2. Rates of reoperation were not dependent on patients having undergone pMRI testing.
Evidence Rating Level: 3 (Average)
Study Rundown: The use of pMRI testing for breast cancer patients is widespread and growing. It is held that MRI screening may increase breast cancer detection rates and previous studies have suggested MRI results correlate well with histological findings. More important to defining the utility of the MRI is clinical evidence that shows MRI testing is beneficial to patients. Interestingly, numerous studies have examined the clinical advantage of pMRI in breast cancer patients and found no indication for pMRI use. This study takes a close look at the relationship between pMRI and time to surgery, rates of reoperation and rates of CPM in early-stage breast cancer patients. Multivariate analysis was employed to account for confounding factors, such as race and socioeconomic status, which appeared to strongly correlate with pMRI testing events. The study findings suggest that preoperative MRI testing is directly associated with longer times to surgery and increased rates of CPM. No difference existed between rates of reoperation of patients having undergone MRI testing and those having not. The findings of this study are correlative and limited by the retrospectively collected data on which they are based. The lack of a benefit, and in some cases, a correlation with worse outcomes is somewhat surprising and it is possible that utility will increase as MRI imaging quality improves.

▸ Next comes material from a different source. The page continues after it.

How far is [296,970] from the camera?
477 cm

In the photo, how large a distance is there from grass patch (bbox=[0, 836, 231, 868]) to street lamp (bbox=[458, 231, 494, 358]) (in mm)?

In-Depth [retrospective study]: This study examined the utility of pMRI in 609 African-American and white female breast cancer patients diagnosed with stage I, II and T3N1M0 breast cancer between 2005 and 2010. For analysis purposes patients were separated into pMRI or no-pMRI groups. Mean time to surgery, rate of reoperation and rate of CMP were compared across these two cohorts. Patients were excluded from time-to-surgery analysis if they underwent neoadjuvant chemotherapy. Multivariate analysis was used to account for confounding factors including age, race, education, insurance, genotype testing, and histology. Approximately half (49.9%) of study patients received pMRI testing. The rate of pMRI testing was higher in women with characteristics associated with a higher socioeconomic status. Adjusted linear regression models were used to examine the relationship between pMRI and study endpoints. Time to surgery was found to be significantly longer in patients having undergone pMRI versus those having not (geometric mean = 38.7 days [95% CI 34.8-43.0] vs. 26.5 days [95% CI 24.33-29.0]). Preoperative MRI testing was associated with higher rates of CMP (pMRI group: 16.1% vs. no-pMRI group: 5.2%; p < 0.001) and increased numbers of additional biopsies. Reoperation rates were not significantly different between the two groups.